Laju aliran antar pelat
Laju aliran fluida yang mengalir di antara pelat tidak seragam. Laju aliran pada jalur aliran utama adalah sekitar 4 sampai 5 kali laju aliran rata-rata. Laju aliran setiap saluran aliran dalam suatu proses tidak seragam. Untuk membuat aliran fluida antara pelat, keluar dari keadaan turbulen penuh, disarankan untuk mengambil kecepatan aliran rata-rata antara pelat 0,3-0,8m/s. Ambil nilai yang lebih besar ketika penurunan resistansi dibiarkan untuk meningkatkan koefisien film perpindahan panas konvektif, sehingga mengurangi area pertukaran panas dan meningkatkan efisiensi pertukaran panas. Biasanya pilih area bagian tunggal yang sesuai dan rasio aspek pelat sesuai dengan laju aliran yang diberikan. Metode pemilihan ini merupakan faktor kunci dalam mengendalikan laju aliran antara pelat.

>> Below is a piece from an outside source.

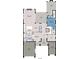 First floor plan showcasing spacious Gathering and dining areas at 1904 S Cardenas Ave, Tampa, FL 33629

(1) Melalui model perpindahan panas penukar panas, beberapa faktor kunci yang mempengaruhi koefisien perpindahan panas k dari penukar panas dianalisis: koefisien film perpindahan panas dan ketebalan pelat . Panjang karakteristik pelat dan bilangan Reynolds Re antara pelat menentukan ukuran koefisien film perpindahan panas .
(2) Arah penelitian pelat penukar panas pelat laut (ketebalan pelat, sudut pelat dan kecepatan aliran antar pelat) dianalisis secara rinci.
(3) Setelah analisis, perlu untuk meningkatkan dan mengoptimalkan penukar panas pelat laut berdasarkan prinsip-prinsip perpindahan panas dan mekanika fluida yang relevan pada pekerjaan selanjutnya.